§ TASK DESCRIPTION
Repeat exactly the lines of the entries below from the one with "Stoneville, NC 27048,22.44 AC Paw Paw RD" through the one with "宁波奉化花木出租 宁波奉化花木出租", both ends included, and nothing else.

SUPPLIED RECORDS Block Start

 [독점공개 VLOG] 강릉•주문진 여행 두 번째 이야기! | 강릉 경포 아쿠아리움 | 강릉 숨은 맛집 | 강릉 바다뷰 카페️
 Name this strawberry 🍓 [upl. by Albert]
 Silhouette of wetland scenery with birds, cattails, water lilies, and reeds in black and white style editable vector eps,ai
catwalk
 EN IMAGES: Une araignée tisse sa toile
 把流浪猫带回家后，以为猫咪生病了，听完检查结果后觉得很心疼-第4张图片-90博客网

SUPPLIED RECORDS Block End
SUPPLIED RECORDS Block Start

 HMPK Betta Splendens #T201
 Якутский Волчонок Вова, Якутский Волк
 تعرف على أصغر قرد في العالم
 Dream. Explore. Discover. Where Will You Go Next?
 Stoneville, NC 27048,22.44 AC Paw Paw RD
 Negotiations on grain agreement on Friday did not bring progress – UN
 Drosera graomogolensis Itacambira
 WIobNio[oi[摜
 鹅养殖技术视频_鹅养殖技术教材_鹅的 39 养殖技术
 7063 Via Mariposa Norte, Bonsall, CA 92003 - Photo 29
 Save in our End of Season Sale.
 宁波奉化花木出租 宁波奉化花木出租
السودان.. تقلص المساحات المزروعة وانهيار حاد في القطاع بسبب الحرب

SUPPLIED RECORDS Block End

§ RESPONSE TO THE TASK
 Stoneville, NC 27048,22.44 AC Paw Paw RD
 Negotiations on grain agreement on Friday did not bring progress – UN
 Drosera graomogolensis Itacambira
 WIobNio[oi[摜
 鹅养殖技术视频_鹅养殖技术教材_鹅的 39 养殖技术
 7063 Via Mariposa Norte, Bonsall, CA 92003 - Photo 29
 Save in our End of Season Sale.
 宁波奉化花木出租 宁波奉化花木出租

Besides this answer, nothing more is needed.